══ Information shown

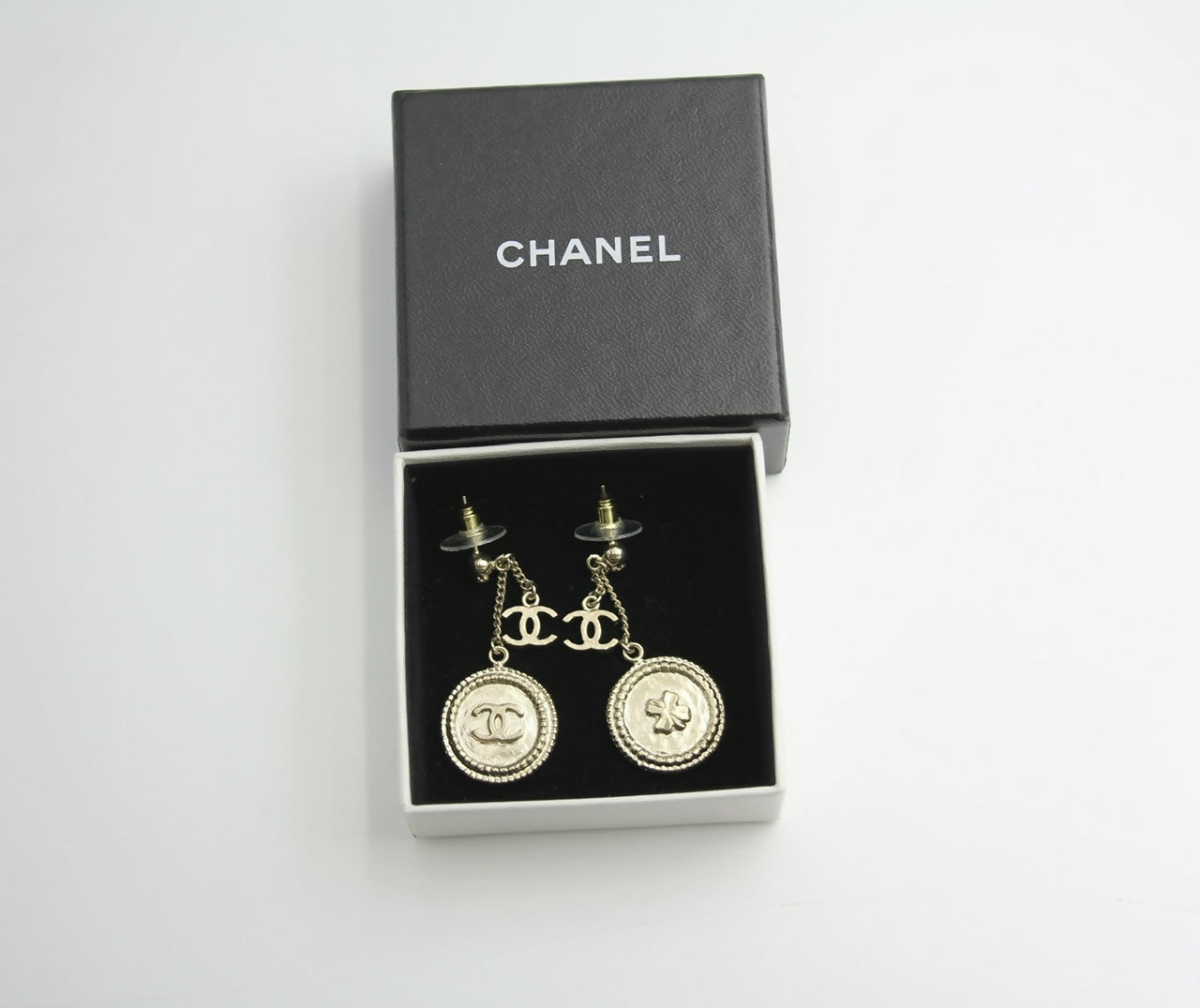 Chanel B15V Metal Silver Four-Leaf and Clover Coin Stud Earrings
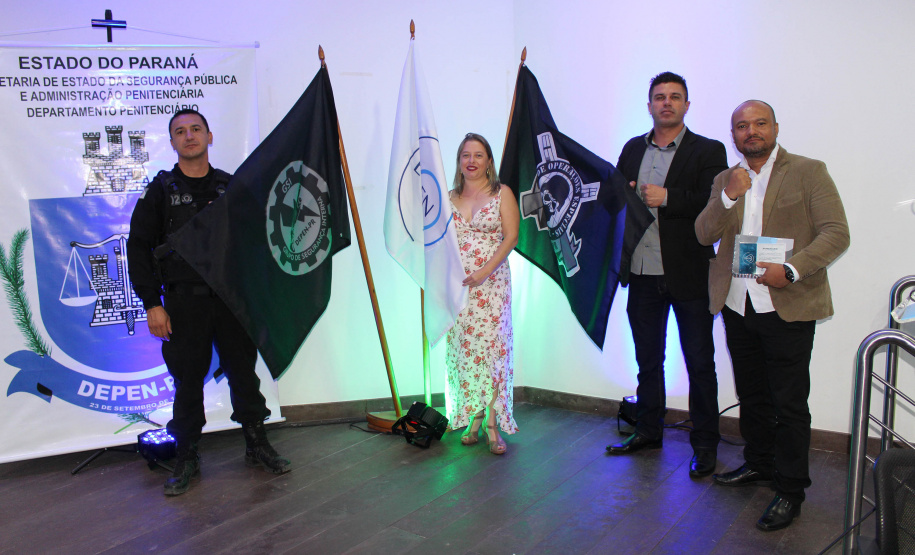 Agentes, instrutores, diretores de unidades e coordenadores regionais participaram da cerimônia de encerramento das atividades de 2019 da Escola Penitenciária (Espen), do Departamento Penitenciário do Paraná (Depen), que ocorreu nesta terça-feira (19), no auditório da Polícia Rodoviária Federal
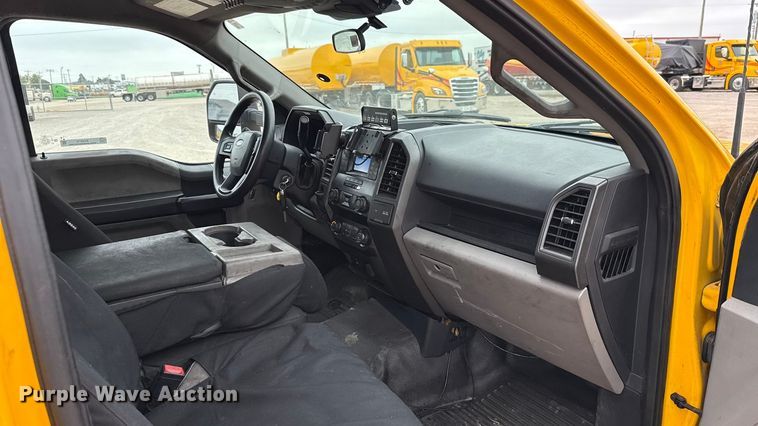 image for item EU2212 2022 Ford F350 Super Duty utility bed pickup truck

════

◆ Task to carry out ◆
Minus its pictures, the full listing should be copied verbatim.

◆ Your response ◆
 Chanel B15V Metal Silver Four-Leaf and Clover Coin Stud Earrings
 Agentes, instrutores, diretores de unidades e coordenadores regionais participaram da cerimônia de encerramento das atividades de 2019 da Escola Penitenciária (Espen), do Departamento Penitenciário do Paraná (Depen), que ocorreu nesta terça-feira (19), no auditório da Polícia Rodoviária Federal
 image for item EU2212 2022 Ford F350 Super Duty utility bed pickup truck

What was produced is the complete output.